On the topic of car ownership, the subprime finance auto space in particular has received a lot of attention. What I find interesting are the analogs between subprime mortgage and subprime auto. Subprime auto was kick-started after the 2008 crisis because it performed well relative to what expectations were before the crisis. You may need a car to have a job but you do not need a house – you can always rent if, say, housing prices are high due to an inventory shortage.

Subprime auto was an early recipient of post-crisis financial institution-oriented private equity and warehouse securitization money, and it was one of the earlier asset classes within the ABS world to start back up again post-crisis. Wholesale funding and securitization were all predicated on the perceived outperformance that occurred through the crisis.

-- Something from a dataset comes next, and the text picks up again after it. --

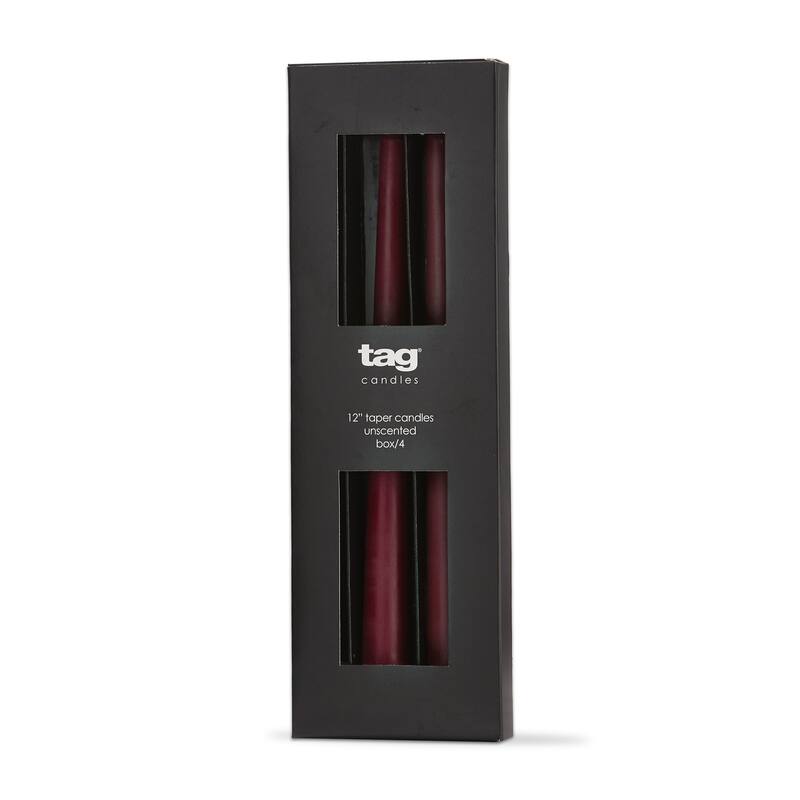Color Studio 12" Traditional Taper Unscented Smokeless Paraffin Wax Candle Wine Set of 4, Burn Time 8 hrs.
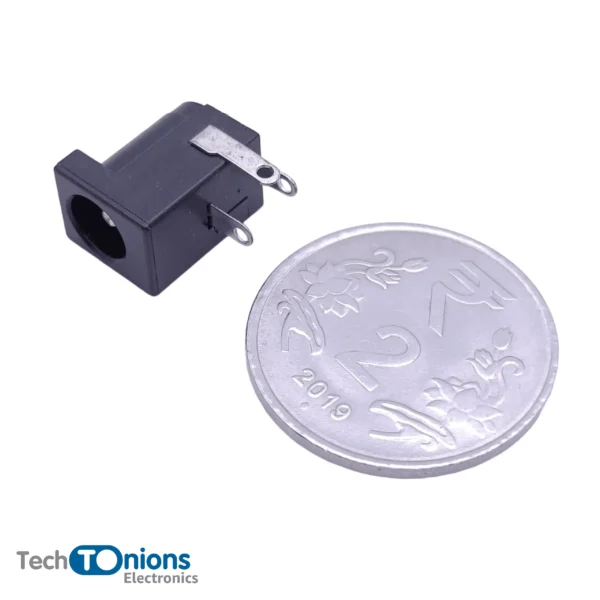 DC Power Socket – Suitable for 5.5×2.5mm for scale with 2 rupees coin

The real, fundamental risk surrounding subprime auto revolves around the value chain. More specifically, alignment within the value chain. The notion of financial incentive alignment was originally drilled into my head by an early investing mentor of mine. The importance of alignment may seem obvious, but it never stops being neglected. For example, very few providers of financing are also retail distributers of vehicles. “Car dealer A” sells a trade-in to “used car dealer B” for $3,000 via an auction house. “Used car dealer B” then marks it up to $10,000, gives a new buyer an $8,000, 20% APR loan (net of a $2,000 down payment) and then sells the loan at a 25% discount to an auto financier.

So, we have a borrower who wants compulsively to get into the biggest car possible, an originating auto dealer with negative basis in the trade from day one, a hungry wholesale and securitization market that is not going to wear any risk, and an overabundance of private equity firms pressing for origination to drive equity valuation. How can this be? Why is this something that only stops when there is a blow-up?

The answer is that the hunger for yield has made buyers of the paper relatively less picky about loan quality. Just like in mortgages during the crisis, in subprime auto you have a disconnected financing and origination chain with terrible incentive alignment in subprime auto. The underlying credit deterioration has been totally disregarded.

What does all of this mean for our business? In the below prime markets where volumes were not as large, where there were non-economic drivers keeping these loans out of bank wholesale funding and securitization, ironically water found its level. You can go into deeper subprime categories, appropriately price the obligation, and if you are a wholesale funder, force the retail originator of the loan to be aligned. As a result, at the time that they take on the obligation, they are still owners of the risk, and they actually care about loan quality. It performs well, particularly relative to the LTV they can create and the APR that they are able to charge because the pricing of the loan is not a beneficiary of the misaligned originate-to-securitize craze. We are involved in this lending already.

Other near-term opportunities in this value chain include purchasing this loan collateral at substantial discounts, which we have begun to do. We are also positioning ourselves to purchase auto deficiencies arising from subprime auto foreclosures, for which we have already organized a joint venture. Auto deficiencies are the charged-off residuals after people’s cars are repossessed and sold. If their car is repossessed, and it is sold for less than what was owed, the remainder is a personal obligation of the borrower. Debt buyers will purchase the loan for a few cents and resolve it.

We are always seeking to understand the full value chain for all types of collateral, find and pinpoint which components are cheap and dear, and set ourselves up to capitalize on these situations on behalf of our investors.